Daniel Skretteberg

Personal information
- Full name: Daniel Negussie Skretteberg
- Date of birth: 24 November 2001 (age 24)
- Place of birth: Norway
- Height: 1.87 m (6 ft 2 in)
- Position: Goalkeeper

Team information
- Current team: Ørn Horten
- Number: 12

Senior career*
- Years: Team / Apps / (Gls)
- 2019–2022: Strømsgodset / 0 / (0)
- 2022: MuSa / 12 / (0)
- 2022: MP / 0 / (0)
- 2023: Bærum / 25 / (0)
- 2024: Ørn Horten / 28 / (0)
- 2025–: Åssiden / 1 / (0)

International career^{‡}
- 2023–: Ethiopia / 1^{[citation needed]} / (0)

= Daniel Skretteberg =

Ethiopian footballer (born 2000)

Daniel Negussie Skretteberg (born 24 November 2001) is a footballer who plays as a goalkeeper for Åssiden IF. Born in Norway, he has been called up to represent Ethiopia internationally.

==Early life==
Skretteberg was born on 24 November 2001 in Norway. As a youth player, he joined the youth academy of Norwegian side Strømsgodset. He signed his first professional contract with the club at the age of seventeen. He is a native of Steinberg, Norway.

==Club career==
Skretteberg started his career with Norwegian side Strømsgodset.
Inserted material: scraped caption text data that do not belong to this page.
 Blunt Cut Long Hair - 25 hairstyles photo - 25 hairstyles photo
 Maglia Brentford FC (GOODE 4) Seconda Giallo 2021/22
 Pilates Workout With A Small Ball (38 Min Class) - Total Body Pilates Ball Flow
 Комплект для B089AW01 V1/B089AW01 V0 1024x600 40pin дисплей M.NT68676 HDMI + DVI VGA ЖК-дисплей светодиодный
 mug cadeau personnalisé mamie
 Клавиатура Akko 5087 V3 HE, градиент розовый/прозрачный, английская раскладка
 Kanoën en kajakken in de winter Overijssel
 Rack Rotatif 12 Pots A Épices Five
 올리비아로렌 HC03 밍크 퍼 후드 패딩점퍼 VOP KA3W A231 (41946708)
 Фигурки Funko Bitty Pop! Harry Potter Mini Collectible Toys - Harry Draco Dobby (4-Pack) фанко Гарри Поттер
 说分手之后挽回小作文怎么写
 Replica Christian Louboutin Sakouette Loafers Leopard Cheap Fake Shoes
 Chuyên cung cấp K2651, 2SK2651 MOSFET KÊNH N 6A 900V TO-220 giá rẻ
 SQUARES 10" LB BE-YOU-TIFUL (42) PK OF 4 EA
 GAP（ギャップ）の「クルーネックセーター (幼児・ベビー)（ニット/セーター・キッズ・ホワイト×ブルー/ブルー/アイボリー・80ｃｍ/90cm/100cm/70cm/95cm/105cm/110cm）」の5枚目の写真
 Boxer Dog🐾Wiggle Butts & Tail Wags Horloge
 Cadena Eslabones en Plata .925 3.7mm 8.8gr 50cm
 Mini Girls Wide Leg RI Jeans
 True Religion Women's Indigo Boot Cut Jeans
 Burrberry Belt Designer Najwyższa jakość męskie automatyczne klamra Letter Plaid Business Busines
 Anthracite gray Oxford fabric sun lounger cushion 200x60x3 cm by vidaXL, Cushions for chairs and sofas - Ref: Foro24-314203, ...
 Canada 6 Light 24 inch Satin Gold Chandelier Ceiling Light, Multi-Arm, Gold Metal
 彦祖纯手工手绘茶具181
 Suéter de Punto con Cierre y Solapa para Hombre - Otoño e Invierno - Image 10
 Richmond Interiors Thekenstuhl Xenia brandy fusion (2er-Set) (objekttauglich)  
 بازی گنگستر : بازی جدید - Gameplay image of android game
In 2022, he signed for Finnish side MuSa. After that, he signed for Finnish side MP. In 2023, he signed for Norwegian side Bærum. In 2024, he signed for Norwegian side Ørn Horten.

==International career==
Skretteberg is eligible to represent Norway and Ethiopia internationally through his mother. He previously called up to represent Norway internationally at youth level at the age of fifteen. On 2023 He has been called up to represent Ethiopia senior national team for an internationally friendly match against Guyana.

==Style of play==
Skretteberg operates as a goalkeeper. He has been described as a "modern modern-day goalkeeper who, in addition to his blocking skills, controls the game well and plays confidently with his feet".

==Personal life==
Skretteberg was born to an Ethiopian mother and a Norwegian father. He was described as gained notoriety for having the worst overall rating of all goalkeepers in the 2021 version of the Fifa soccer game".